Porque, por buena voluntad que tengamos, por muy bien que queramos hacerlo todo, el mal siempre habrá hecho algo en nosotros. Por mucho que nos esforcemos siempre habrá alguna situación de la que no podemos salir solos, y necesitamos la ayuda de Dios. Y la “lepra” de la que nos hablaba el evangelio no es una enfermedad concreta, sino que es una metáfora del pecado que todos cometemos en un grado u otro, cuando nos apartamos de Dios. Porque nuestra salvación no puede depender de la enfermedad que cada uno pueda sufrir: Jesús siempre está dispuesto a decirnos una palabra que nos ayude y cure este pecado, si tenemos el corazón abierto y estamos bien dispuestos. Con la curación del leproso, además, Jesús también nos dice cómo debemos actuar nosotros, y nos da unas pistas para nuestras vidas. Como el leproso, nosotros también podemos acudir a Jesús con fe cuando tenemos alguna necesidad. Como Jesús, tampoco a nosotros debería darnos ninguna pereza acercarnos y dialogar con los más marginados o los más estigmatizados. Y tampoco nosotros deberíamos hacer ninguna diferencia con quienes más nos cuesta, o con aquellos que se sienten apartados de la sociedad; con nadie: porque todo el mundo es un hijo amado de Dios por mucho que nos cueste el trato con algunas personas.

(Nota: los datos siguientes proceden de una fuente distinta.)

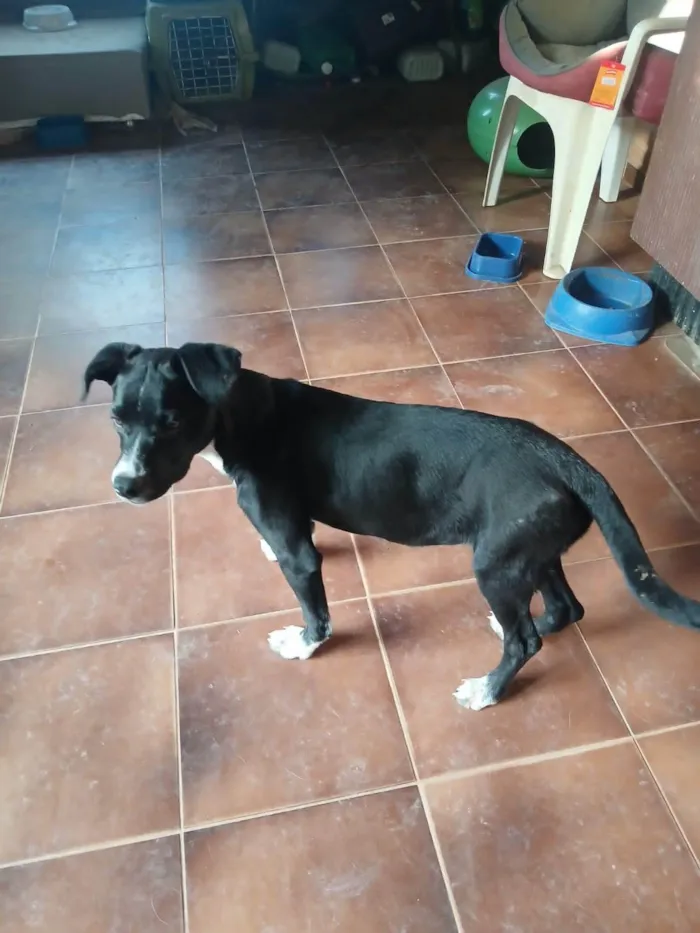 Cachorro ra a SRD-ViraLata idade 2 a 6 meses nome Pepa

Acercándonos a Jesús, dialogando con ellos y dejando que él nos transforme, también nosotros resumimos la historia de la salvación. Y la llevamos a plenitud si después hacemos lo mismo con los demás: dialogando, acogiendo, y dando una buena palabra sentiremos esa alegría incontenible que sintió el leproso, que no pudo dejar de proclamar por todas partes lo que había vivido. El evangelio de hoy nos ha enseñado que el Reino de Dios no es un premio para los buenos sino un lugar en el que todos estamos llamados; el Señor nos quiere a todos, aunque tengamos nuestros defectos. ¿Seremos nosotros, quienes excluimos a alguien? Que esta Eucaristía dé un nuevo impulso a nuestra vida como creyentes, y nos ayude a acercarnos a todos y comunicar con alegría la buena nueva del evangelio.